Pada akhirnya, saya mengemukakan  untuk memperbanyak lagi Kamus Budaya dan Religi Using. Beliau setuju, hanya dengan kompensasi yang digunakan untuk mendukung kehidupan USK. Saya setuju, meski belum sampai pada tahap membicarakan detilnya.
Terakhir, saya mendengar beliau masuk rumah sakit tanggal 14 Desember 2015, bertepatan dengan seminar bahasa Using yang diselenggarakan di pendopo Kabupaten. Direncanakan beliau akan menjadi salah satu pembicara dalam seminar tersebut. Tapi rupanya Yang Maha Berkehendak mempunyai rencana lain untuk beliau dengan memanggilnya tanggal 1 Maret 2016.

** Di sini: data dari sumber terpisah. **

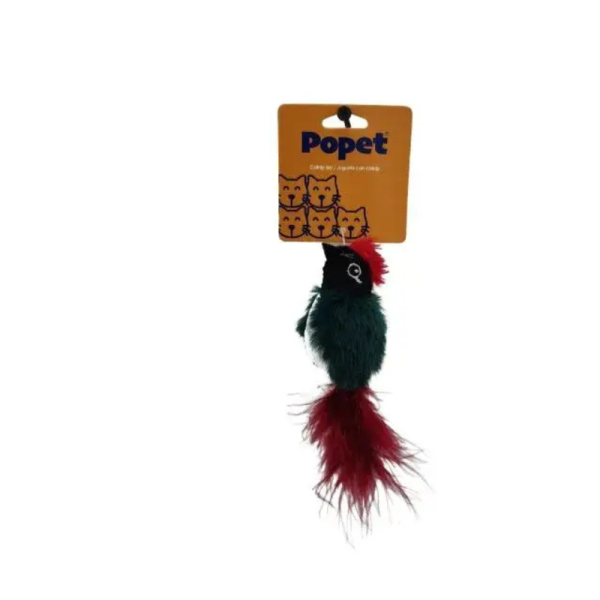 Pajaro con catnip - Popet Toys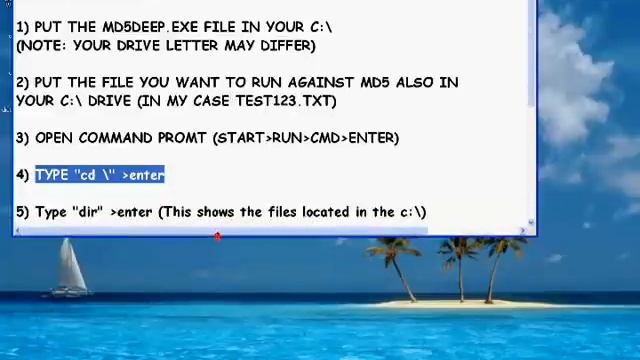 MD5 Deep Tutorial смотреть онлайн
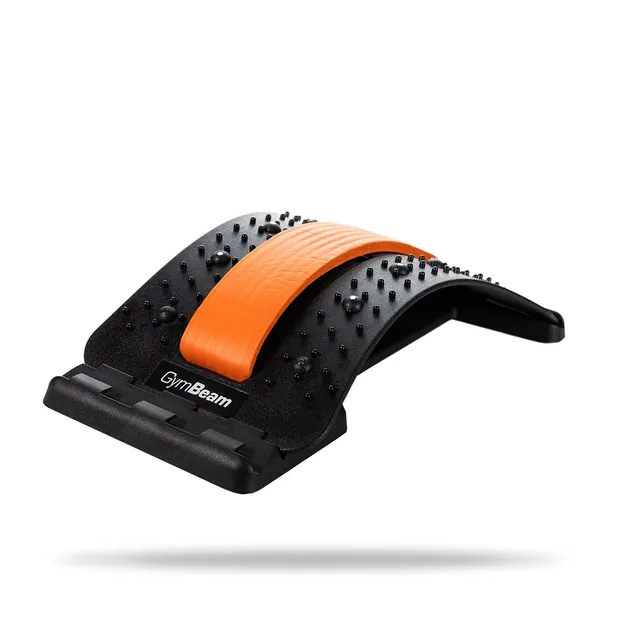 GymBeam Back Stretcher massaggiatore schiena 4 livelli 38 cm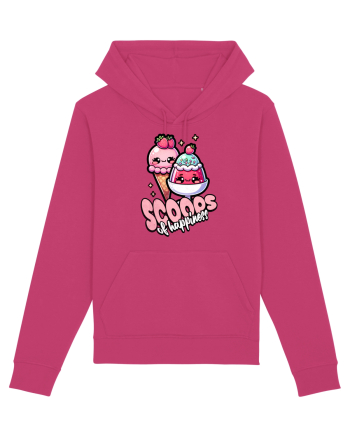 Cupe de înghețată fericire Kawaii Raspberry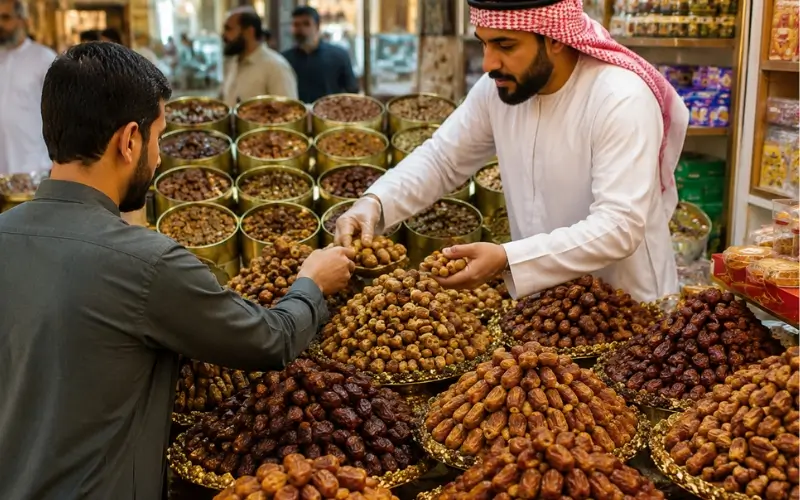 Abu Dhabi Dates Market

Prof. Ayu adalah pribadi yang ngemong, sangat bersahaja, merendah dengan kemampuannya yang luar biasa. Angkat topi untuk usahanya mendirikan USK dan menghidupinya dari kantong pribadi. Prof. Ayu adalah kekuatan yang menjadi sandaran banyak orang. Mudah-mudahan peninggalannya menjadi ladang amal yang tak berhenti mengalir untuk namanya yang saya yakin akan terus dikenang.